Referring to FIG. 17, the display device according to an embodiment in which the display module 100 and the optical member 200 are attached together may be applied to an instrument cluster 10_a of a vehicle, a center fascia 10_b of a vehicle, or a center information display (CID) 10_c disposed on the dashboard of a vehicle. In addition, the display device according to an embodiment may be implemented as mirror displays 10_d and 10_e, which can replace side mirrors of a vehicle, a navigation device, etc.
FIG. 18 is a view showing an example of a watch-type smart device including a display device according to an embodiment of the present disclosure.
FIG. 18 shows an example of a watch-type smart device 2 including the display device according to an embodiment. The display device may be implemented as a watch face display 10_2 according to an embodiment.
FIG. 19 is a view showing an example of a glasses-type virtual reality device including a display device according to an embodiment.
FIG. 19 shows an example of a glasses-type virtual reality device 1 including eyeglass temples 30a and 30b. The glasses-type virtual reality device 1 according to an embodiment of the present disclosure may include a glasses-type display device 110_1, a left eye lens 10a, a right eye lens 10b, a support frame 20, eyeglass temples 30a and 30b, a reflective member 40, and a display case 50.
The glasses-type virtual reality device 1 according to an embodiment may be applied to a head-mounted display including a band that can be worn on the head, which may replace the eyeglass temples 30a and 30b. That is to say, the glasses-type virtual reality device 1 is not limited to that shown in FIG. 19 and may be applied to a variety of electronic devices in a variety of forms.
The display case 50 may include the display device 10_1 such as a micro-LED display device and the reflective member 40. An image displayed on the glasses-type display device 110_1 may be reflected by the reflective member 40 and provided to the user's right eye through the right eye lens 10b. Accordingly, the user may watch a virtual reality image displayed on the display device through the right eye.

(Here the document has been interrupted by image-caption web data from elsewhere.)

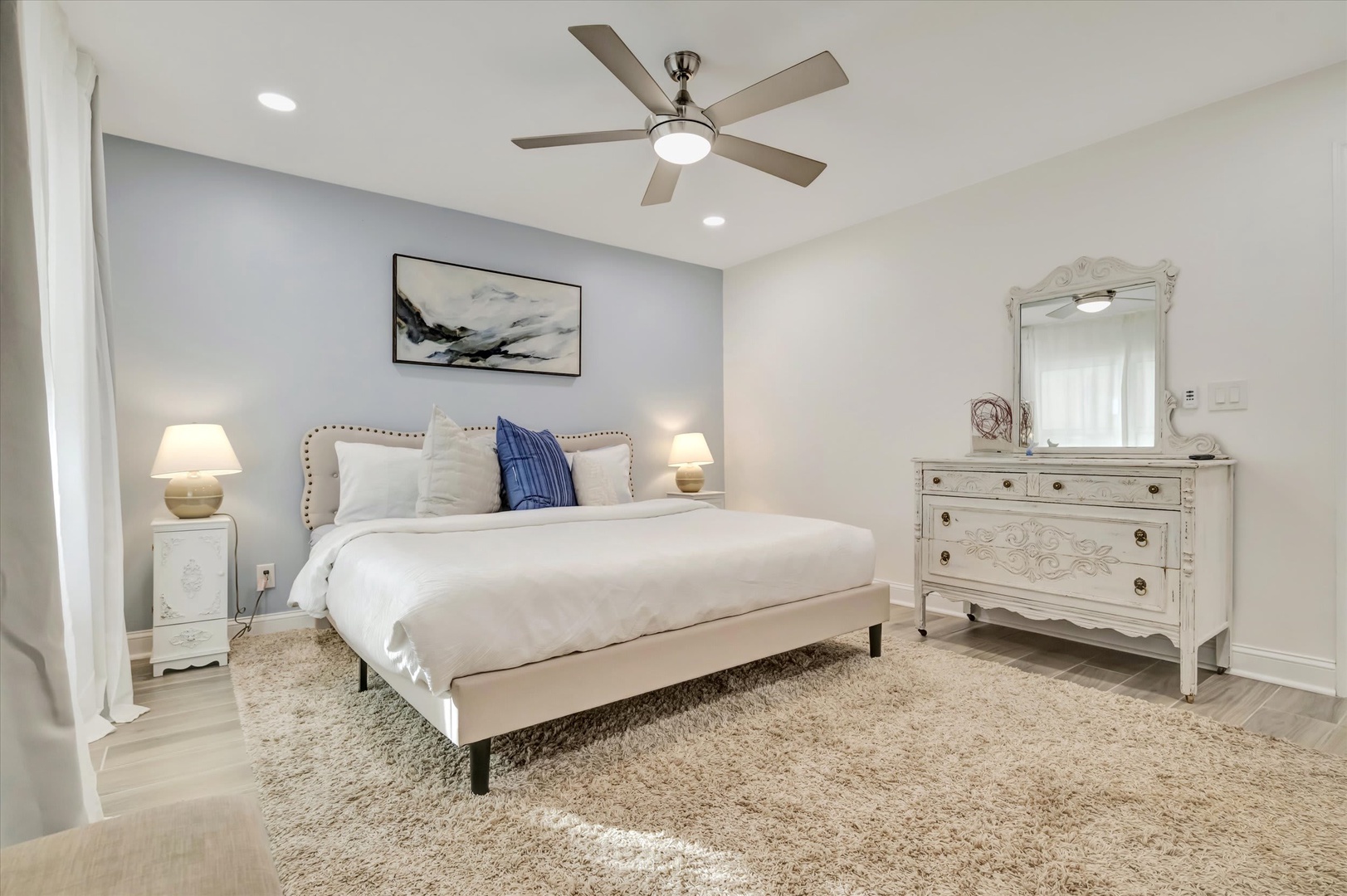 Settle into your serene bedroom retreat, where plush bedding and soft lighting invite you to unwind. The elegant furnishings and calming coastal palette create the perfect space for restful nights and relaxed mornings.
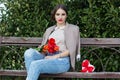 Pretty girl with red tulips sitting on the bench Royalty Free Stock Photo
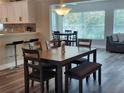 Bright dining room with wood floors and open floor plan, complemented by a view to the living room with lots of windows at 907 Knollwood Dr, Dunedin, FL 34698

Although the display case 50 may be disposed at the right end of the support frame 20 in the example shown in FIG. 19, embodiments of the present disclosure are not limited thereto. For example, the display case 50 may be disposed at the left end of the support frame 20. In such case, an image displayed on the glasses-type display device 110_1 may be reflected by the reflective member 40 and provided to the user's left eye through the left eye lens 10a. Accordingly, the user may watch a virtual reality image displayed on the glasses-type display device 110_1 through the left eye. Alternatively, the display cases 50 may be disposed at both the left end and the right end of the support frame 20, respectively. In such case, the user can watch a virtual reality image displayed on the display device 10_1 through both the left and right eyes.
FIG. 20 is a view showing an example of a transparent display device including a transparent display device according to an embodiment.
Referring to FIG. 20, a display device in which the display module 100 and the optical member 200 are attached together may be applied to a transparent display apparatus. The transparent display device may transmit light while displaying images IM. Therefore, a user located on a front side of the transparent display device can watch the images IM displayed on the display module 100 and also watch an object RS or the background located on the rear side of the transparent display device. When the display device in which the display module 100 and the optical member 200 are attached together is applied to the transparent display device, a display panel 10_3 of the display device may include a light-transmitting portion that can transmit light or may be made of a material that can transmit light.
In concluding the detailed description, those skilled in the art will appreciate that many variations and modifications can be made to preferred embodiments without substantially departing from the principles of the present disclosure. Therefore, disclosed preferred embodiments of the disclosure are used in a generic and descriptive sense only and not for purposes of limitation.